Using Volumetric 3D Microscopy Techniques to Characterize Astrocyte Morphologies over Large Spatial Scales

Abstract

Astrocytes are a type of glia found in the central nervous system with many roles, and have recently been reported to be directly involved in modulating and scaling synaptic transmission. Neurotransmitters released in synaptic activity induce astrocyte calcium signaling, which then induces the release gliotransmitters that can act on neighbouring pre- and postsynaptic neuronal elements. Astrocytes are highly 3-dimensional and form large syncytium of diffusion-coupled cells via their many long protrusions. It has been proposed that astrocytes may use these large networks to communicate and correlate to distant synapses. When studying astrocyte network interactions, it is important to establish astrocyte morphology at the the level of single cells and of populations, as this structure is directly related to the astrocytes’ ability for intercellular communication, and speed and frequency of calcium signal propagation. On-going advances in volumetric 3D imaging techniques, such as light-sheet microscopy, now allow for imaging complete murine brain sections, and obtaining a better understanding of how astrocytes are organized and interact in situ on a larger spatial scale.
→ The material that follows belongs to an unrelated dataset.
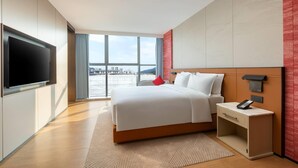 A modern hotel room with a large bed, a bedside telephone, and a TV mounted on the wall. - Ramada by Wyndham Zhaoqing Dawang (Zhaoqing)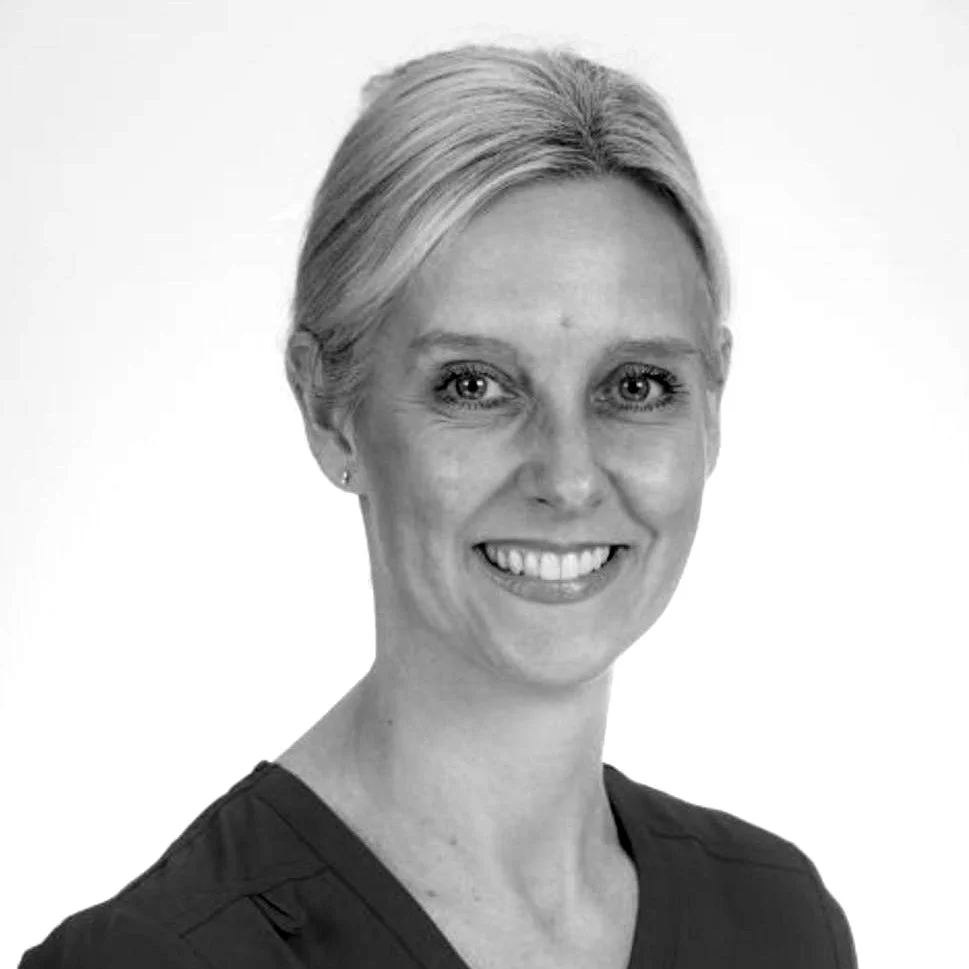 A woman with blonde hair wearing a blue medical scrub top, smiling in front of a plain white background.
Here, a pipeline for characterizing morphology for both single astrocytes and their networks using volumetric 3D microscopy techniques was optimized using 500 µm and 1 mm thick mouse cortex slices. Various structural features were measured and quantified including territorial volume, cell orientations, number of connections, process arborisations and lengths. This characterization pipeline can be extended to cortical organoids, larger tissue sections, or other brain regions, and is a helpful tool for studying astrocyte network structure and functionality.